Emerging markets strategies, he noted, tend to have shorter weighted average lives, around 2.5 years compared with four years in US direct lending, offering a potentially better alignment with semi-liquid structures.
Meanwhile, Simon Tang, head of US LP sales at Carta, suggested that the current environment will drive further product innovation of evergreen funds. “There will be new iterations and versions, there will be fine tuning, whether it is the liquidity mechanisms, the structure itself, or perhaps the investment strategy of the BDCs,” he said.

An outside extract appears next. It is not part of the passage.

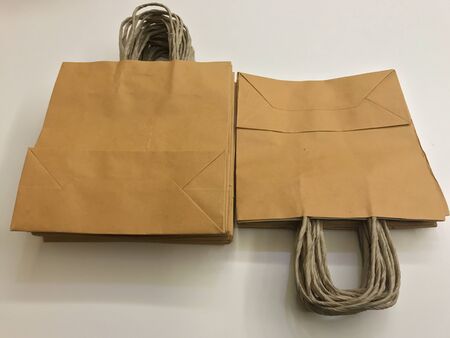 Paper shopping bags, brown paper bags with handleの写真素材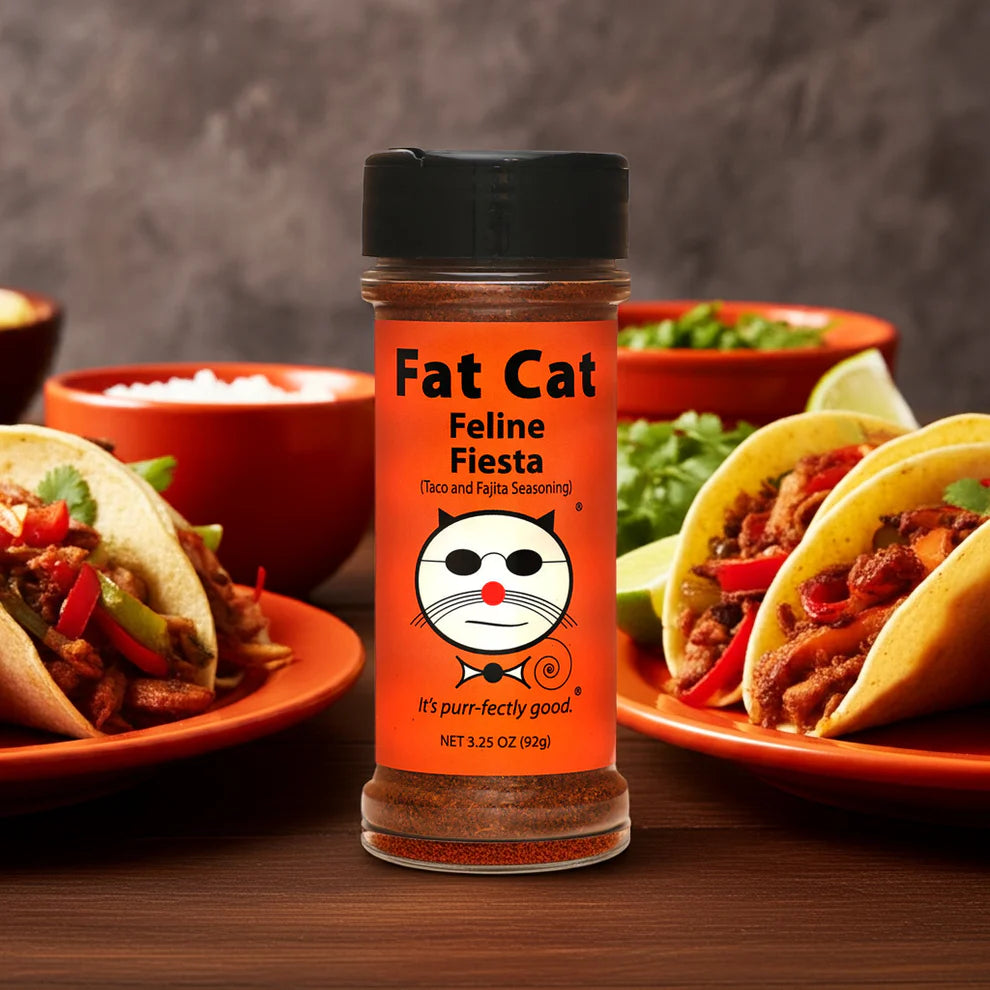 Fat Cat Feline Fiesta seasoning bottle with tacos in the background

“A few weeks ago, managers met liquidity demands by selling off investments to the secondary market; the merging of two different strategies and mechanisms could ultimately provide a new type of product for investors.”
Further growth
Despite recent headwinds in US BDCs, most market participants do not expect the growth of evergreen vehicles for both retail and institutional investors to stall, either in the US or Europe.
Although Europe lags behind the US, the shift toward evergreen structures is also expected to grow significantly over the coming years, with 39 per cent of global institutional investors seeking them as a way to access private credit, according to a recent survey by Nuveen.
“As the industry evolves, it is very open to different types of structures, so I don’t think it will impede the growth; there are all types of variation of these open-ended funds,” said Mathew Cestar, president at Arini. “In an industry of this size and scale, it is going through this natural maturation process, and I think it will demonstrate which managers are doing their credit work.”
While Aquino added: “I don’t think it will stop the journey, which has long departed, but I think they [GPs] clearly need to communicate extensively that this is not a liquid product.”
However, others have cautioned that the focus on liquidity risks may be overshadowing a more fundamental issue of underlying credit performance. Overall, it is expected that non-accruals and reliance on PIK structures may increase, which could signal mounting pressure within portfolios.
While stating that he thinks the advantages of “well managed” evergreen funds to all investor types are “abundant”, Berliner remarked: “Investors need to be aware that they only function effectively when liquidity expectations are realistic, underlying assets are matched to the structure and concentration risks are properly understood.”
Ultimately, the success of semi-liquid private credit will depend on whether managers can effectively manage liquidity without undermining the very illiquidity premium that defines the asset class, whether that be through structure, communication or innovation.